** Opening Material to process block **

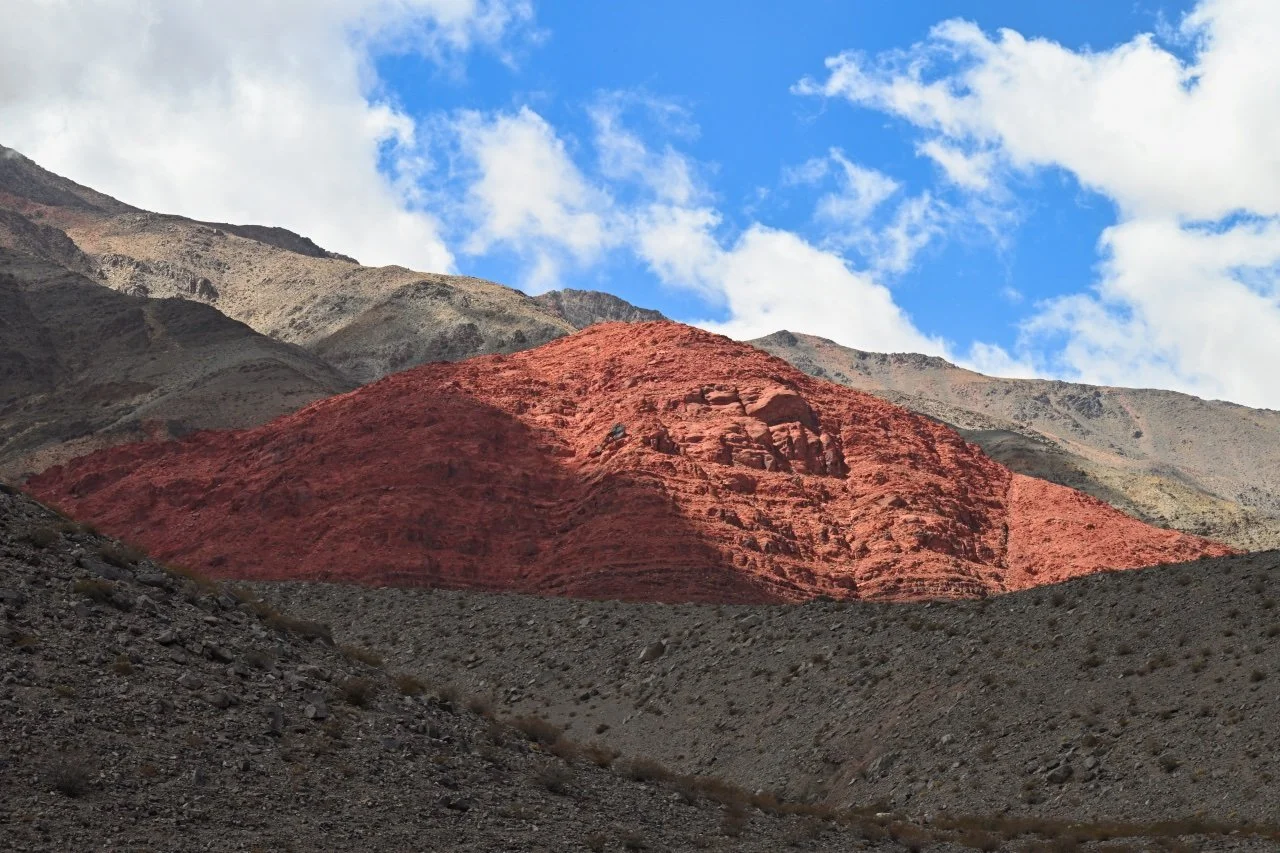  just one hill has a different colour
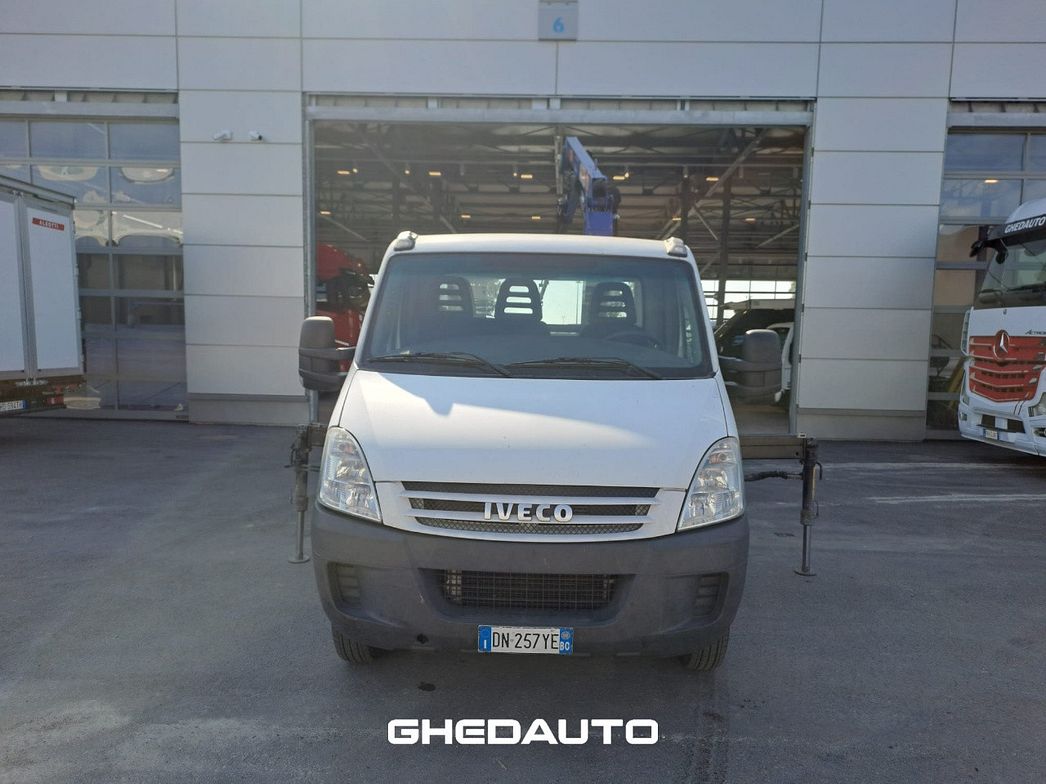 IVECO | 35C15 - CASSONE + GRU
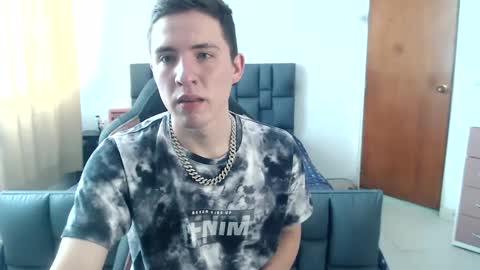sextinger online show from March 2025 04:40:02 PM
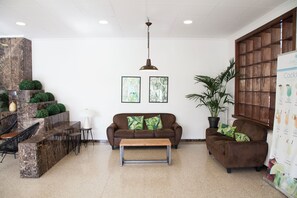 Lobby - Hotel Checkin Pineda (Pineda de Mar)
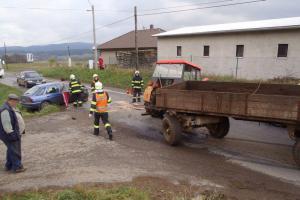 Osobní auto se střetlo s traktorem. Pět zraněných osob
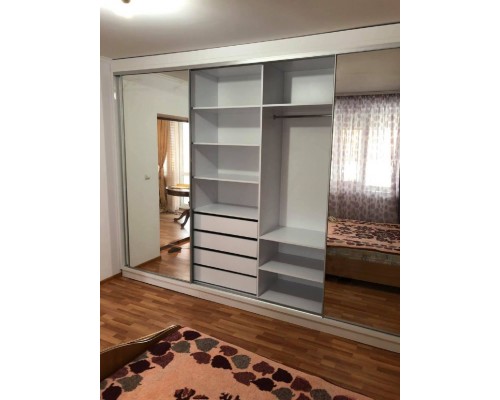 Шкаф купе 4 двери с зеркалом T-77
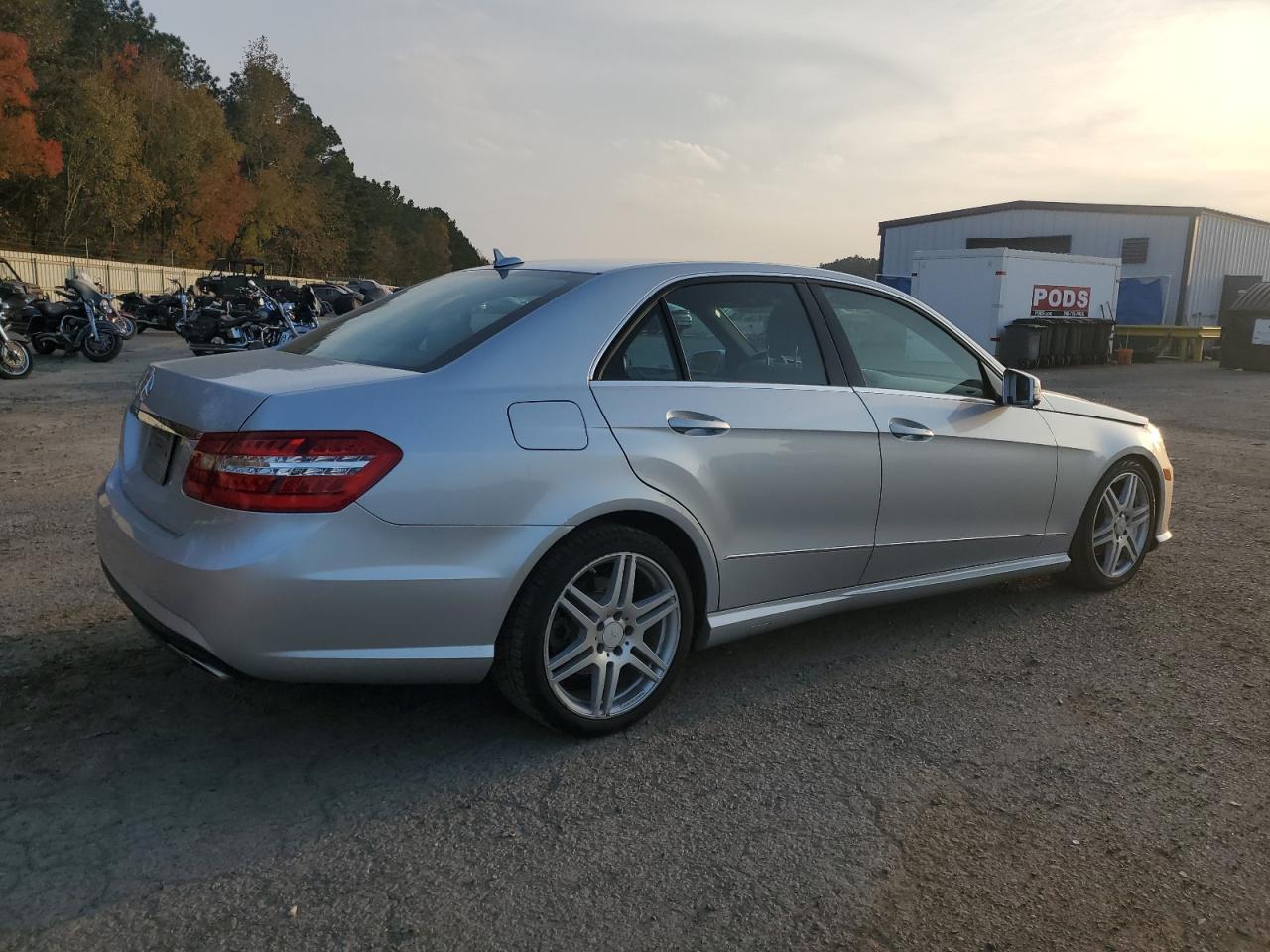 2010 Mercedes-Benz E-klasse VIN WDDHF5GB4AA204503 Copart auction photo, front end damage thumbnail 3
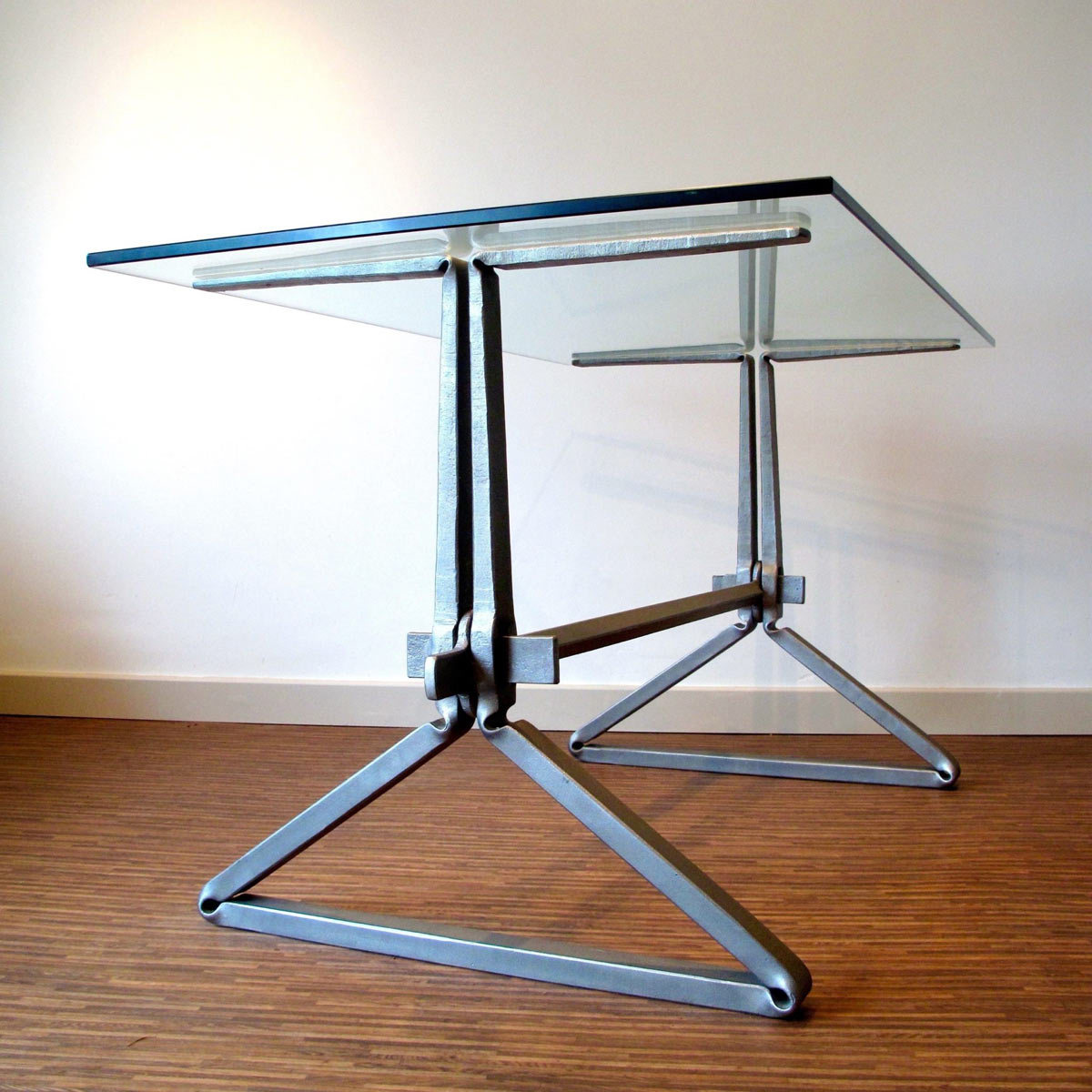 Wedge trestle table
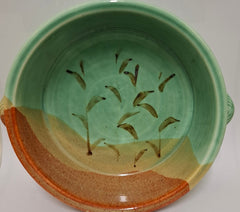 SMALL FLUTED DISH WITH HANDLE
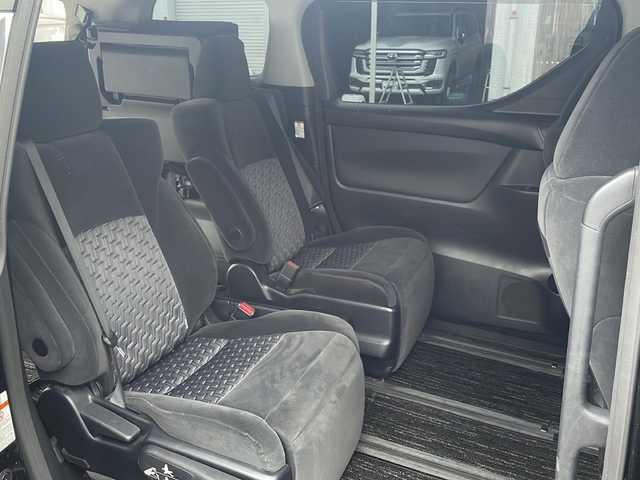 トヨタ ヴェルファイア Z Aエディション 福岡県 2015(平27)年 9.4万km ブラック ワンオーナー/モデリスタエアロ（フロント）/ALPINEナビ（フルセグ・luetooth・DVD・CD)/ALPINE後席モニター/ALPINE12インチデジタルインナーミラー/レーダークルーズコントロール/両側パワースライドドア/衝突被害軽減システム/オートLEDヘッドライト/コーナーセンサー/ステアリングリモコン/本革巻きステアリング/100V充電/USB入力端子/バックカメラ/スマートキー/プッシュスタート/純正フロアマット/アイドリングストップ/横滑り防止装置/盗難防止装置/3列シート/オットマン/ABS/エアバッグ（運転席・助手席）/保証書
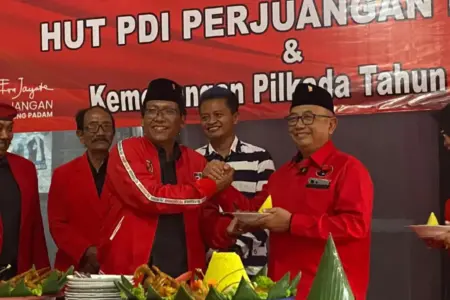 PDIP Larang Keras Kader Berbisnis MBG, DPC Blitar Tegaskan Loyalitas Foto BeritaJatim.com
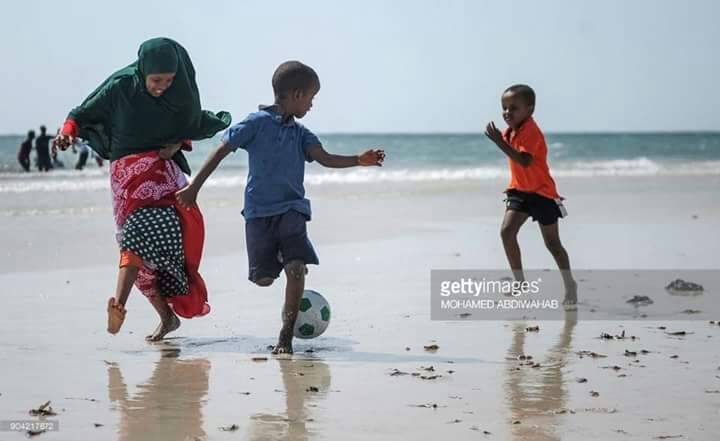 BshirGarad's tweet photo. The blue army is rising againg #الصومال_تتحدث #Somalia_speaks https://t.co/8TFQQPRPmJ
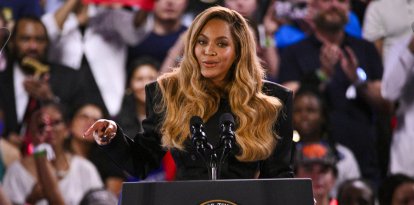 La cantante estadounidense Beyonce habla durante un acto de campaña de Kamala Harris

** Closing Material to process block **

## Task to complete:
With the pictures removed from your copy, retype the lines above from the one that contains "IVECO | 35C15 - CASSONE + GRU" through the one that contains "SMALL FLUTED DISH WITH HANDLE", exactly.

## Result of the exercise:
 IVECO | 35C15 - CASSONE + GRU
sextinger online show from March 2025 04:40:02 PM
 Lobby - Hotel Checkin Pineda (Pineda de Mar)
 Osobní auto se střetlo s traktorem. Pět zraněných osob
 Шкаф купе 4 двери с зеркалом T-77
 2010 Mercedes-Benz E-klasse VIN WDDHF5GB4AA204503 Copart auction photo, front end damage thumbnail 3
 Wedge trestle table
 SMALL FLUTED DISH WITH HANDLE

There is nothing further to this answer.